Soul Seeker by Kaylin McFarren is an arresting tale about humanity and the depths one can go for family as well as the phantasmal representation of good and evil in angels and demons. Soul Seeker opens up with a lyrical poem briefly highlighting the whirlwind of events that take place within our story. This poem however does not take or subtract from the enjoyment of the novel, rather with its interesting lyrical lilt, it paints an intriguing picture of the world created by Kaylin McFarren in which you are about to delve in.
The author in this novel, employs the use of simple words for description, painting detailed imageries in the mind of the reader. For instance, in Chapter 5 where we first lightly encounter Crighton, the description was as thus: “He was tall, powerfully built, and seemed to be walking with determined purpose. He wore a black leather jacket, tight jean pants, and black combat boots. His midnight black hair hung slightly past his shoulders and swayed in the breeze”. From this it is not impossible to picture the character in your minds eye, and this is always a good thing. In addition the prose is immersing, drawing you in from the very first page. The action isn’t rushed or forced and the humour is dry and canny. One is guaranteed to catch oneself laughing out loud a time or two. There is also the use of profanity and swearing throughout the novel but it is not too aggressive or obnoxious. The chapters are not laborious to get through either which I believe readers will enjoy.

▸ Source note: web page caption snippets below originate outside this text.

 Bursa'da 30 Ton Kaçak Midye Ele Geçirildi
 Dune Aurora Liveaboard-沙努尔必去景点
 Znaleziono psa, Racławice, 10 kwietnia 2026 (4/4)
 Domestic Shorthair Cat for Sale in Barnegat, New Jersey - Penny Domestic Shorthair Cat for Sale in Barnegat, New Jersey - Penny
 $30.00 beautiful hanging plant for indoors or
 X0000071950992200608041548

One thing I enjoyed the most about this novel was how fluid and effortless it was to read. The writing style of Kaylin McFarren while proper and facile leaves no room for misinterpretation or confusion. There is also a clear absence of typographical or grammatical errors which I found equally pleasing and it is in my opinion that this novel has been professionally edited.

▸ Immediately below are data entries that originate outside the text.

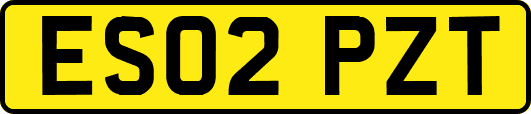ES02PZT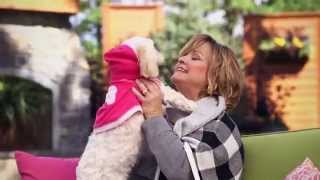 Carolyn Gracie's Battle With Breast Cancer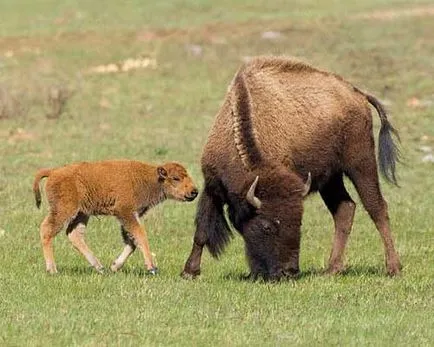 Bison, снимки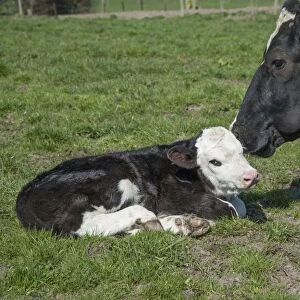 Domestic Cattle, Holstein Friesian dairy cow, wearing transponder collar, with newborn Hereford cross calf, Shropshire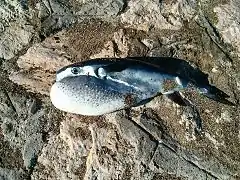 Lagocephalus lagocephalus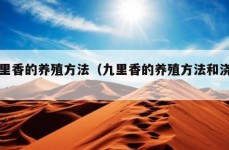 九里香的养殖方法（九里香的养殖方法和浇水）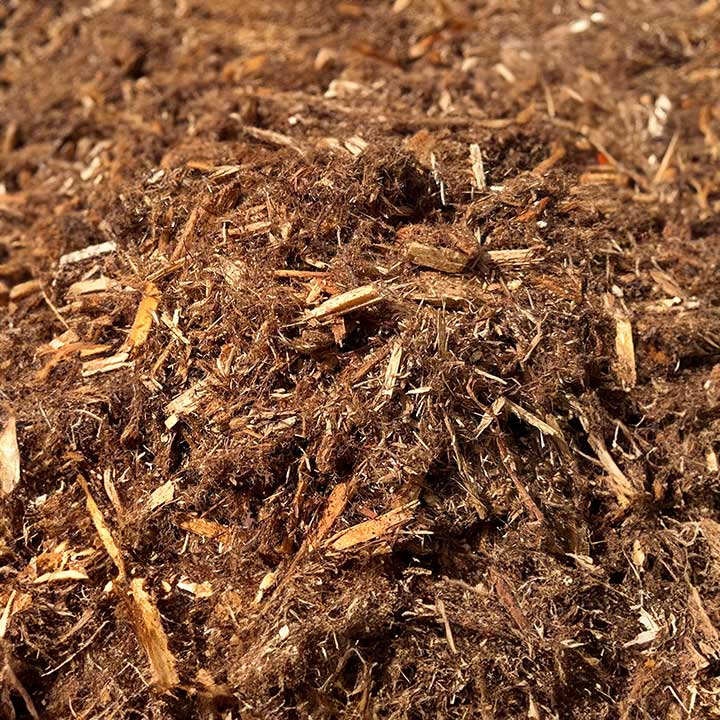 Cedar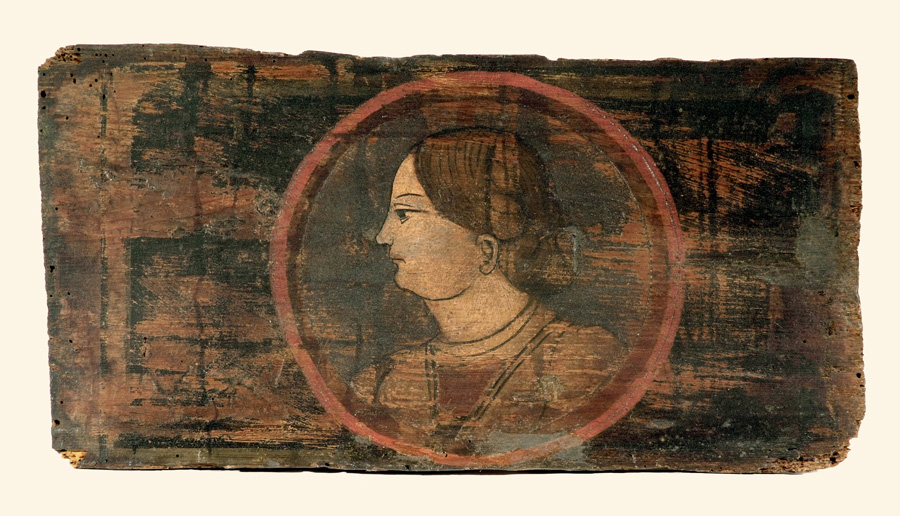 testa di donna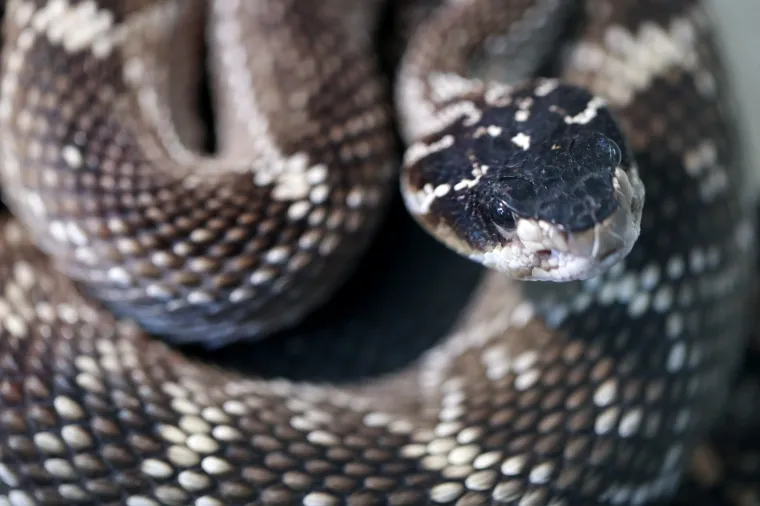 Da ti se sledi krv u žilama: Najotrovnije zmije svijeta stigle u Zagreb, hit izložbe kraljevska kobra Elvis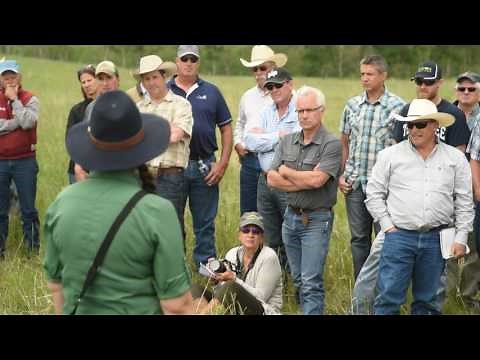 How to monitor soil health and bio stimulants using a refractometer.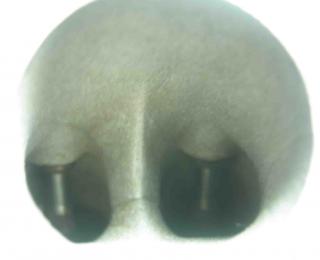 https://i.ibb.co/hxfQm8CZ/24675-2.jpg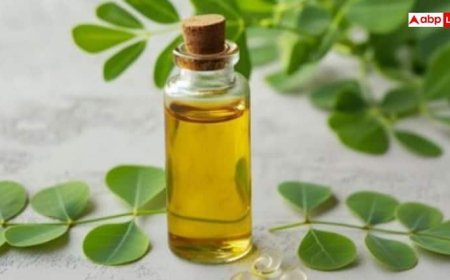 Moringa Oil Benefits for Hair Growth: बालों को तेजी से लंबा करने के लिए मोरिंगा का तेल लगाएं, ऐसे करें इस्तेमाल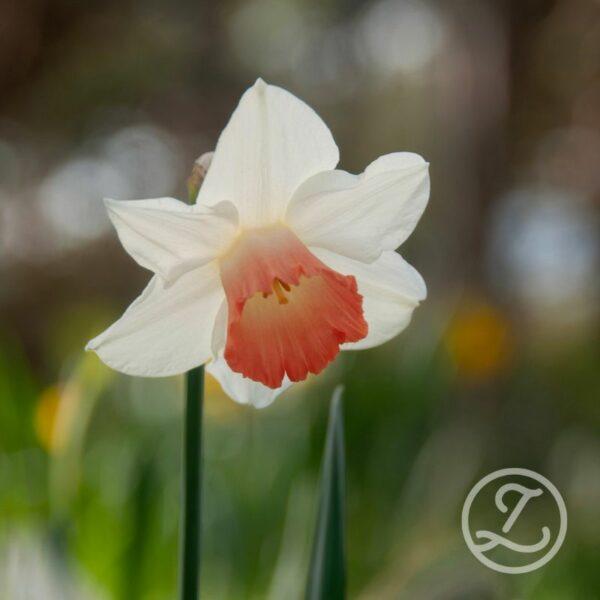 Narciss 'Pink Charm'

Consequently, the riveting storytelling which I enjoyed in the first half of the novel notably lags during the second half. In addition, readers are introduced to new discoveries and elements within the story which appeared a tad bit rushed through and underdeveloped, and as a result impede the sense of continuity the novel has. This is an element I liked the least.
My overall impression of this novel is that it is a well-written piece which can evoke serious thought about the phenomena of good versus evil, as well as the internal battle we all face therein. As a result of the profanity used in this novel and suggestive sensual scenes described, I recommend it to all but a young or impressionable audience.
Soul Seeker for me ranks 3 out of 4 stars and can be suitable for those in the market for something different and not the regular run-of-the-mill tale of good-triumphs-evil. I’m rating it a 3 and not a 2 because it was really well written, free from typos or grammatical errors and although there is a smattering of profanity and erotic scenes, it does not detract from the story in any way. Conversely it is a 3 and not a 4 because I believe that some parts of the story could have done with a bit more fleshing out and development. In particular the second half of the story, which also revealed a bit of potential for what could even be the start of a fresh series which I believe readers will thoroughly enjoy. Nevertheless, I believe that anyone who gives this tale a read, will definitely have a good time doing so.